Les doléances des syndicats

Du côté de la FNSEA et des JA, on se montre moins alarmiste que la CR, tout en évoquant « l’ampleur nationale des dommages et pertes ». Et de réclamer, en guise de « premières décisions », des procédures de reconnaissance en calamités agricoles, en catastrophes naturelles et des dégrèvements de taxe sur le foncier non-bâtis. 

"Des mesures exceptionnelles de trésorerie devront être élaborées rapidement pour aider les agriculteurs à passer ce cap difficile"
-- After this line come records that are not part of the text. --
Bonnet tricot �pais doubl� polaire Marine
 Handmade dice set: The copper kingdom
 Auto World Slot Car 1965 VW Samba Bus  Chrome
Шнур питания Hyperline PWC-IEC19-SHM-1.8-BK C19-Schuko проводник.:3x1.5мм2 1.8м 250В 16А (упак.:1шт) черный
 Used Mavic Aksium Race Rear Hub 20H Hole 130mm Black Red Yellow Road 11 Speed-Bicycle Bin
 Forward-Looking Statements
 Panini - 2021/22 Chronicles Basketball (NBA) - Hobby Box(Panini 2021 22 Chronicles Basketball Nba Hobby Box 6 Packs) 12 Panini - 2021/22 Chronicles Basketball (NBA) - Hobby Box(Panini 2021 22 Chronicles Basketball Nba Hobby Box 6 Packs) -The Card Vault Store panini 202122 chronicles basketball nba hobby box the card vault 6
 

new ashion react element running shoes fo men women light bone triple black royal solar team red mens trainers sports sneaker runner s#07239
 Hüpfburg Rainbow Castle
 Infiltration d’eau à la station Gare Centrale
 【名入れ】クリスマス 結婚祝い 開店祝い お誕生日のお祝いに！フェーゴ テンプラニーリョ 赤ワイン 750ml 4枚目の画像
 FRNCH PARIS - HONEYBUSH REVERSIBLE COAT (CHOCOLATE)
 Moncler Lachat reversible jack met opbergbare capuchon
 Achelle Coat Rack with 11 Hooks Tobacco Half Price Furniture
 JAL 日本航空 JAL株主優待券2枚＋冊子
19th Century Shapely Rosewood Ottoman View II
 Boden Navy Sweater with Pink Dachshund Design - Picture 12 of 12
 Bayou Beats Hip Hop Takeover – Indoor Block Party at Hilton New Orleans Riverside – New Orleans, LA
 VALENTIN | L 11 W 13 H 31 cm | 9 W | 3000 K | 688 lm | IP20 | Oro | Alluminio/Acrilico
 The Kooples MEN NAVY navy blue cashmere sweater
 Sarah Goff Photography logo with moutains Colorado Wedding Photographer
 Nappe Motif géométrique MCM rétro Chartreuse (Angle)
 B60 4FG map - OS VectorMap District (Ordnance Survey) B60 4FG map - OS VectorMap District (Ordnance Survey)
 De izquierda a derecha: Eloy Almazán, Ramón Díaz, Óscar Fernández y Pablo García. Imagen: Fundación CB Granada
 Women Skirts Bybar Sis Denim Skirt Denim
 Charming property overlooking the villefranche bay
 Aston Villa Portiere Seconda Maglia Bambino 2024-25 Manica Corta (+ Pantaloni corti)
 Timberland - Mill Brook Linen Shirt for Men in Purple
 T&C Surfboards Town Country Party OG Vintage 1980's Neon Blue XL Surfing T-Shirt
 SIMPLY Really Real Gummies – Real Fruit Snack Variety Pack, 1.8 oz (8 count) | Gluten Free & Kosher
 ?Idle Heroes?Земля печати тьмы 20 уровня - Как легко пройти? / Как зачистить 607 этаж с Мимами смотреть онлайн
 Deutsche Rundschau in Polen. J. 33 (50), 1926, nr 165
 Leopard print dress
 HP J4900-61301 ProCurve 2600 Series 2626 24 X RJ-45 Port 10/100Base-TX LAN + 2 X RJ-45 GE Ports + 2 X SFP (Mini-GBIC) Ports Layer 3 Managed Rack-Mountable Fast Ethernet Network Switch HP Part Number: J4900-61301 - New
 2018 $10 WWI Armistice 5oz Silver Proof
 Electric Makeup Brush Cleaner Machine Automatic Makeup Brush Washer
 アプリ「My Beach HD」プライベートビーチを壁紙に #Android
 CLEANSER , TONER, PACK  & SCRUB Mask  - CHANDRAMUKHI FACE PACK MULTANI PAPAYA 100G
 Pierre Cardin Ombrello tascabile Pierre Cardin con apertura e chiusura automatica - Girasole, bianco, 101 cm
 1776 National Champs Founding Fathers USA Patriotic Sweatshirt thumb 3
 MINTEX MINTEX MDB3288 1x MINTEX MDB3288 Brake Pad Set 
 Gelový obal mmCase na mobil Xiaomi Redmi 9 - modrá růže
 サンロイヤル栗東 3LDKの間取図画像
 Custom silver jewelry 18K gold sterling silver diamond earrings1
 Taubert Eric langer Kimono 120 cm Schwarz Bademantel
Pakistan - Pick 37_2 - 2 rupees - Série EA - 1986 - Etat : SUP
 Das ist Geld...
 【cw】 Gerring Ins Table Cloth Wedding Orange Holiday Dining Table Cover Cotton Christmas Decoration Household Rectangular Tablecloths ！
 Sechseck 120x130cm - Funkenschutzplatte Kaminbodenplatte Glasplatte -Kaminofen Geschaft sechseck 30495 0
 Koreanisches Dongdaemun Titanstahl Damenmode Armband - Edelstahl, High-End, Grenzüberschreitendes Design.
Les deux syndicats demandent également que « les assureurs soient particulièrement réactifs quant aux sollicitations des assurés mais aussi des agriculteurs qui les ont choisis comme interlocuteurs agréés chargés d’instruire et verser l’Indemnité de solidarité nationale pour le compte de l’Etat. Des mesures exceptionnelles de trésorerie devront être élaborées rapidement pour aider les agriculteurs à passer ce cap difficile ».

La CR demande à « réfléchir à un plan de sauvetage des exploitations céréalières » et suggère la mise en place d’une « cellule de veille » au ministère afin « de mutualiser les informations et d’assurer l’efficacité des remontées de terrain ». Le syndicat réclame également une année blanche de cotisations MSA, ainsi qu’une année blanche au niveau des banques. « Cette solution s’impose d’urgence, les céréaliers ne pourront pas payer », invoque la CR.

Les éleveurs dénoncent des « engagements non tenus »

Les éleveurs de ruminants, par les voix de la FNB, de la FNEC, de la FNO et de la FNPL dénoncent de leur côté d’un angle de l’assurance des prairies, qui serait davantage rompue à appréhender les sécheresses que les excès de pluviométrie ou encore la grêle. Et de réclamer, en plus de cette correction, le déploiement total de l’Observatoire national de la pousse de l’herbe (ONPH), une évolution les modalités de recours contre l’indice ou encore l’information des producteurs de l’évolution de l’indice satellite, au fur et à mesure de l’avancée de la campagne, autant d’engagements « pris par les pouvoirs publics et non tenus » affirment les quatre fédérations.